Effect of screening by clinical breast examination on breast cancer incidence and mortality after 20 years: prospective, cluster randomised controlled trial in Mumbai
Dr C.Bour and
- Contribution of Dr M.Gourmelon for the decoding the presentation of the risks of mortality. Appendix b
- Contribution of Dr V.Robert for the statistical analysis. Appendix c
Three randomized controlled trials were conducted in Russia, China and the United Kingdom [appendix a] involving a total of almost 400,000 women, which showed neither a decrease in breast cancer mortality nor a decrease in mastectomies. On the other hand, false positives were increased, leading to additional examinations and biopsies with normal results, and they also caused an increase in women's anxiety.
There was also a question of screening by trained professionals, the problem being the reproducibility from one practitioner to another which is not good. In short, clinical breast examination as a routine screening method has not been retained, as breast self-examination does not ultimately prove to be an effective method for the early detection of breast cancer. And it is still unclear whether screening by clinical breast examination can actually reduce breast cancer mortality
An Indian trial
A new study using the idea of clinical breast examination as mass screening is being conducted by a team of researchers in Mumbai, who are publishing the results of their 20-year randomized controlled trial.
The objective of the study was to test the effectiveness of breast cancer screening by clinical examination in reducing mortality from the disease and also in reducing the stage of cancer at diagnosis, compared with no screening.
151,538 women aged 35 to 64 years with no history of breast cancer participated in the study.

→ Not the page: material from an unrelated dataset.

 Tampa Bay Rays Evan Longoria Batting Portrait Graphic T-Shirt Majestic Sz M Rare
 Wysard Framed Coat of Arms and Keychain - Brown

Women in the screening group (75,360) received four rounds of clinical breast examination screening (performed by trained primary care professionals) and cancer awareness information every two years. Women in the control group (76,178) received information on cancer awareness and eight rounds of active surveillance every two years.
It is examined whether, in the screening group, the cancer found is of a lower stage at the time of diagnosis compared with unscreened women, and of course whether mortality from the disease has decreased.

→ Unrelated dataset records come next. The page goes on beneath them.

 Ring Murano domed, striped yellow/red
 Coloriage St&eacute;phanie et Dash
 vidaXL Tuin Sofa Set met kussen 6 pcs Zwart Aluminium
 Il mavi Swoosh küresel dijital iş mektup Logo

The main results of the study are as follows:
-Clinical breast examination performed every two years by primary care professionals significantly reduced the stage of breast cancer at diagnosis.
-Clinical breast examination led to a non-significant 15% reduction in overall breast cancer mortality; BUT this is a relative reduction, i.e., for the screened group compared to the unscreened group (control group). See: [appendix b]
-The authors conclude that there was a significant reduction of nearly 30% in mortality in women aged ≥ 50 years. BUT This is a subset analysis done post hoc, not provided for in the original study protocol, so after the data were known; again, this is not an absolute reduction but a relative reduction in risk by comparing two groups. See: [appendix b]
-No significant reduction in mortality was observed in women under 50.
From the authors' perspective, what the Mumbai trial provides:
-In this 20-year study, clinical breast examination by trained health workers in Mumbai led to a reduction in breast cancer at diagnosis and a reduction in mortality from the disease by nearly 30% in women aged 50 years and older, but with no reduction in mortality observed in the group of women under 50 years.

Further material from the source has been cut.